Intervention de Joël Guerriau

Réunion du 24 juin 2020 à 15h00
Fonds de garantie des victimes des actes de terrorisme et d'autres infractions — Adoption d'une proposition de loi dans le texte de la commission

Photo de Joël GuerriauJoël Guerriau :

Monsieur le président, madame la ministre, mes chers collègues, la proposition de loi que nous examinons vise à clarifier et à améliorer la rédaction de l’article 706-5 du code de procédure pénale concernant les délais de forclusion applicables à la saisine de la commission d’indemnisation des victimes d’infractions pour bénéficier du Fonds de garantie des victimes des actes de terrorisme et d’autres infractions.

En effet, il apparaît que, dans sa rédaction actuelle, cet article est source d’un contentieux défavorable aux victimes et contraire à l’esprit de la loi du 15 juin 2000.

L’article 706-3 du code de procédure pénale encadre le droit d’indemnisation des victimes. Actuellement, toute personne ayant subi un préjudice « peut obtenir la réparation intégrale des dommages qui résultent des atteintes à la personne », dès l’instant que ces faits ont entraîné la mort, une incapacité permanente ou une incapacité totale de travail personnel égale ou supérieure à un mois ou relèvent des infractions suivantes : viol et autres agressions sexuelles, réduction en esclavage et exploitation de personnes réduites en esclavage, traite des êtres humains, proxénétisme, travail forcé et réduction en servitude, atteintes sexuelles sur mineurs. Sont exclues du champ d’application de cet article les infractions relevant de régimes spécifiques, comme ceux qui sont applicables aux préjudices liés à l’amiante ou aux actes de terrorisme.
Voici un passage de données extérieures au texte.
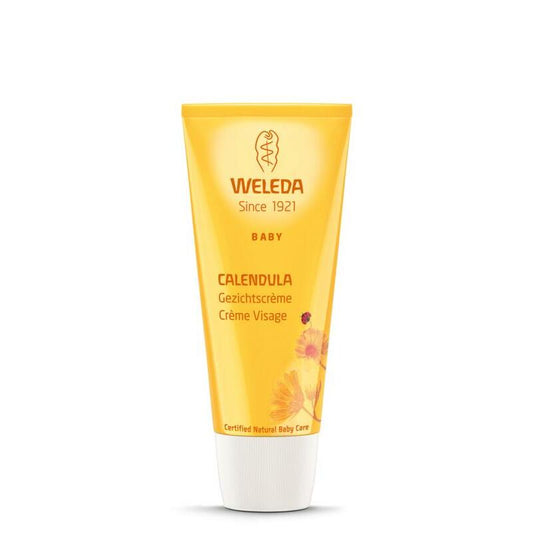 Weleda Calendula baby gezichtscreme 50ml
Quand elle est saisie, la commission d’indemnisation des victimes d’infractions transmet la demande au Fonds de garantie des victimes des actes de terrorisme et d’autres infractions, lequel doit, en retour, proposer un montant d’indemnité sous deux mois. La commission valide alors l’accord approuvé par la victime ou, à défaut d’approbation par celle-ci, détermine le montant de l’indemnisation.

La demande d’indemnité doit être présentée dans un délai de trois ans à compter de la date de l’infraction. En cas de poursuite pénale, le délai est prorogé et expire un an après la décision de la juridiction ayant statué définitivement. Une fois la victime indemnisée, le Fonds de garantie peut se retourner contre l’auteur des faits afin de lui réclamer le remboursement des indemnités qu’il a versées.
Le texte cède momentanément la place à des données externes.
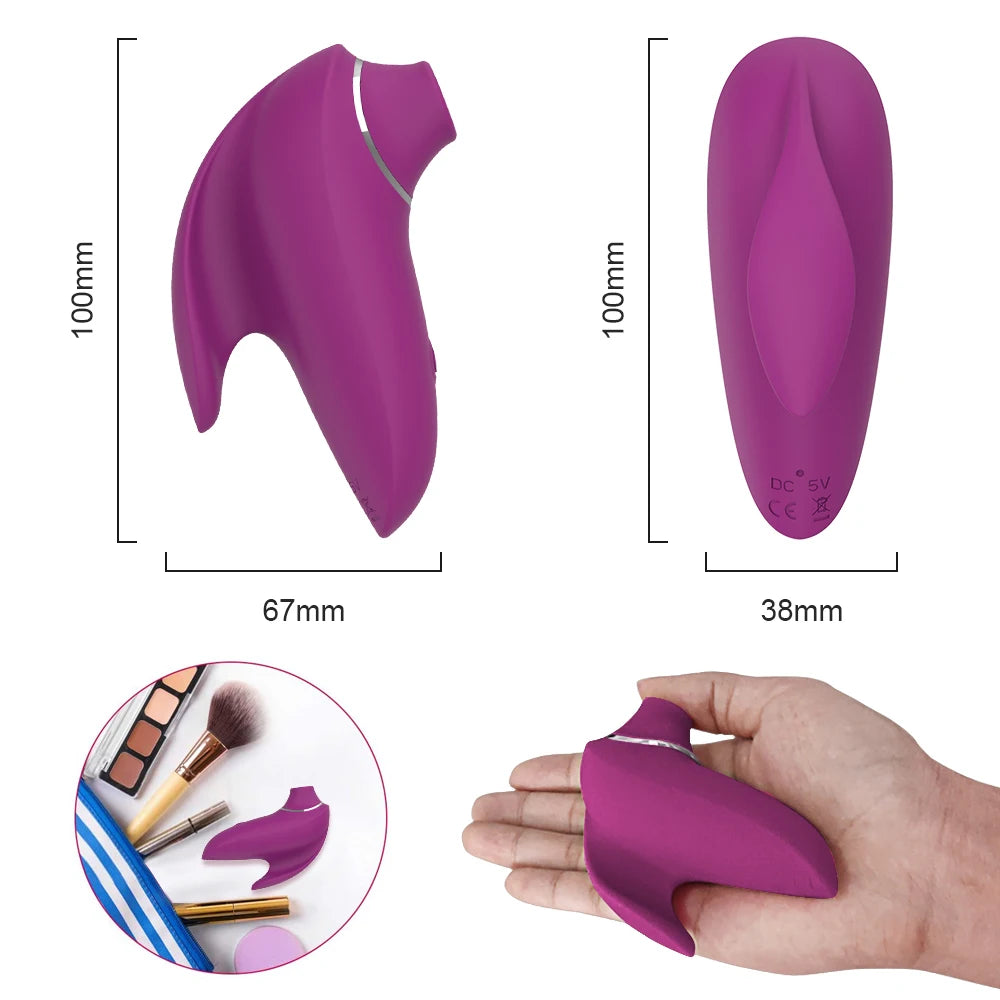 Multi-Function Oral Clitoral Stimulator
Le régime de la forclusion applicable à ce dispositif a été modifié par la loi du 15 juin 2000 renforçant la protection de la présomption d’innocence et les droits des victimes. Ce texte a fixé, à l’article 706-15 du code de procédure pénale, l’obligation pour la juridiction pénale d’aviser la victime de son droit de présenter une demande d’indemnité à la commission, et ce dans un délai d’un an. En effet, les victimes apprenaient souvent subitement, bien plus d’un an après le jugement, l’existence même de la commission. Il fallait donc remédier à ce manque d’information des victimes.
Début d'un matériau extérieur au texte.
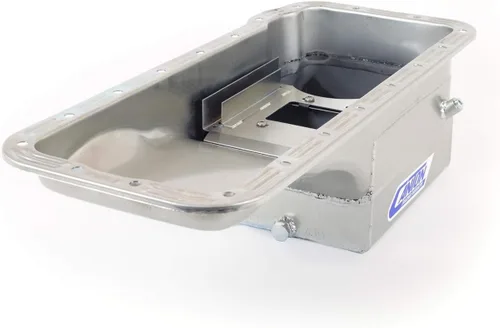 Vista 5 de Canton Racing 15-850 - Cárter de aceite (para Ford 332-428 FE Deep Front Sump Street Pan)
En complément, le Parlement a voté une disposition qu’il a voulue protectrice : la suppression du délai d’un an pour saisir la commission en l’absence d’avis donné par la juridiction.

Il s’avère que cette interprétation n’a pas été retenue par la Cour de cassation. Selon celle-ci, pour les victimes auxquelles une juridiction a alloué des dommages et intérêts, le délai d’un an court à compter non pas de la décision ayant statué définitivement, mais de l’avis donné par la première juridiction allouant les dommages et intérêts, même si la décision de cette juridiction n’est pas définitive. Cette interprétation est, bien sûr, au désavantage des victimes auxquelles ont été alloués des dommages et intérêts, qui ne peuvent pas, dans ces conditions, attendre la fin de la procédure judiciaire pour saisir la commission.

C’est pourquoi la présente proposition de loi procède à une nouvelle rédaction de l’article 706-5 du code de procédure pénale. Elle vise à créer un délai unique d’un an après la décision de la juridiction qui a statué définitivement sur l’action publique et sur l’action civile engagée devant la juridiction répressive pour présenter la demande d’indemnité. Cette nouvelle rédaction maintient l’obligation qui incombe à la juridiction d’informer les victimes ayant reçu des dommages et intérêts de leur possibilité de saisir la commission. Enfin, elle crée un cas permettant de relever automatiquement la forclusion si cette information n’a pas été donnée. Cette solution supprime toute ambiguïté juridique.

Pour l’ensemble de ces raisons, certes techniques, mais essentielles pour les victimes, le groupe Les Indépendants soutient cette excellente proposition de loi. Il votera bien évidemment ce texte.